ARTIST’S STATEMENT
It is my aim to create music that is passionate, well-crafted and accessible. I want to integrate the different strands of American musical culture into a language that is fresh, but familiar. Above all, I try to make my work authentic.
CAREER
I became interested in music at an early age and started piano lessons when I was six. Early on, I knew that composing music was what I wanted to do with my life. Although I am largely self-taught as a composer, I have been fortunate to have had a lot of exposure to good music and musicians throughout my life.
By the time I was in High School, I had sung in the San Francisco Boy’s Chorus and I later studied piano under their director: Madi Bacon. I played French Horn in the Young People’s Symphony and eventually became their orchestra manager.
I attended Berkeley High School which had a stellar music department in the 60’s. When I was a Senior there, I wrote a piano concerto which was performed by the school orchestra with me conducting and a friend playing the piano part. In High School I also wrote my first choral piece (a cantata which was performed at a local church) and I hosted a TV special on young musicians of the Bay Area.
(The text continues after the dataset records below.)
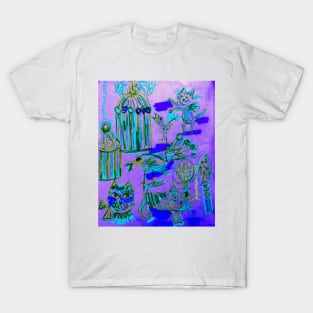 Grape Purple Cats Kitty Birds Birdcages T-Shirt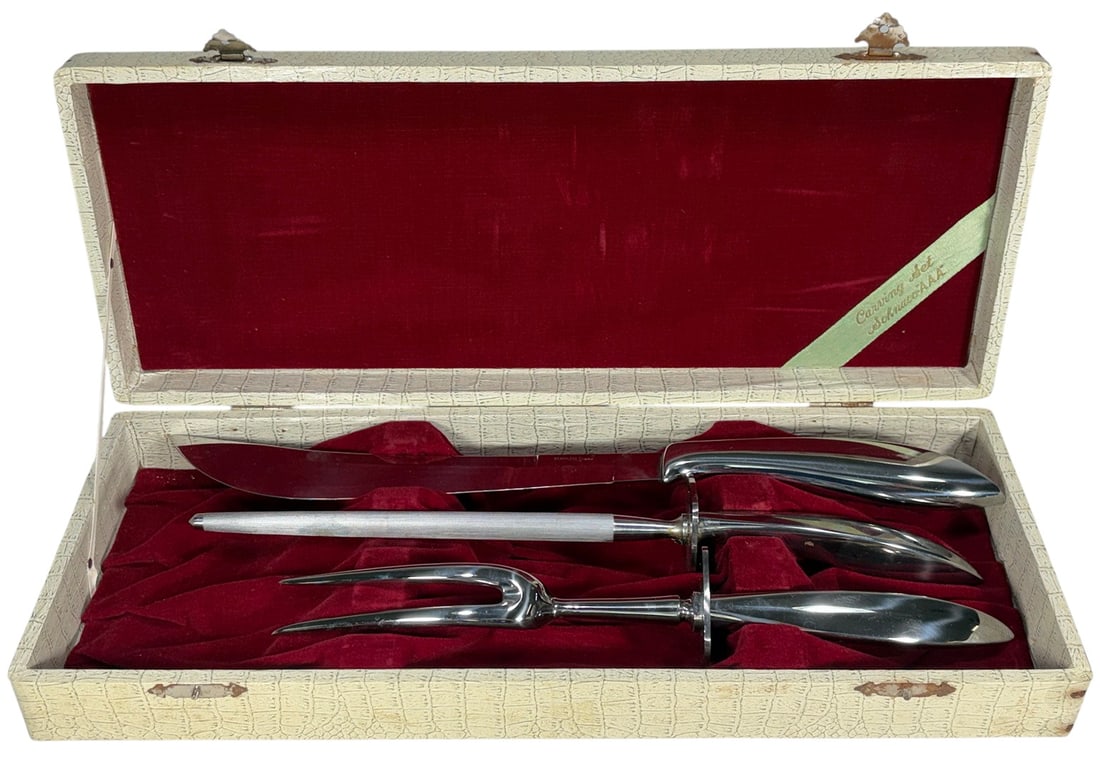 Schneer Mid-Century Carving Set in Case Japan (1 of 5)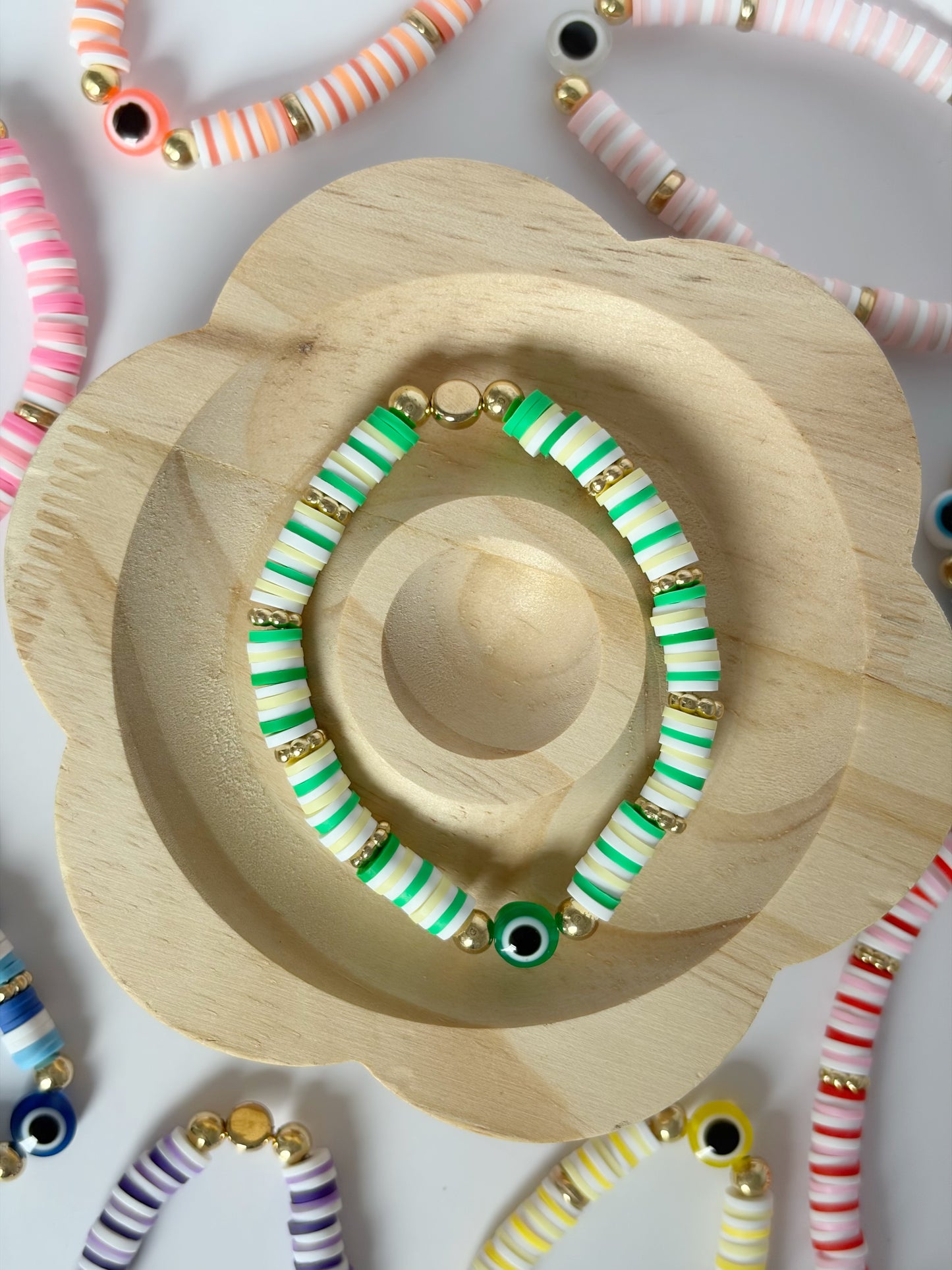 Handmade Colourful Evil Eye Bracelets - Lottie And FloHandmade Colourful Evil Eye BraceletsHandmade Bracelets Lottie And Flo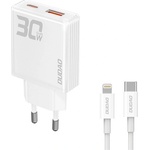 Dudao A30EUL мрежово зарядно устройство с USB+Type-C изход, 30 W, бързо зарядно + Lightning кабел, БЯЛО GP-190592 (GP-190592)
Between High School and College, I became Assistant Conductor of the West Contra Costa Symphony under Ron Daniels (who mentored me in conducting) and together he and I founded the Alvarado Youth Symphony. It was at this time that I became particularly interested in musical languages that had developed in America such as continental counterpoint, ragtime and gospel music. I became a great fan of the music of William Billings, Scott Joplin and Charles Ives.
After graduating from Berkeley High, I went to UC Santa Cruz (where Kent Nagano was a fellow-student) and I got to write music for lots of different purposes including dance and incidental music for plays. I was the Assistant Conductor of the University Symphony, the University Band and the Opera Workshop. I also got my first real church job as Music Director at the First Methodist Church of Santa Cruz.
I graduated from UC Santa Cruz with an A.B., majoring in music composition and conducting. However, by this time I had concluded that I was not suited to the academic world. I returned to the Bay Area and began giving concerts and holding a succession of church musician jobs.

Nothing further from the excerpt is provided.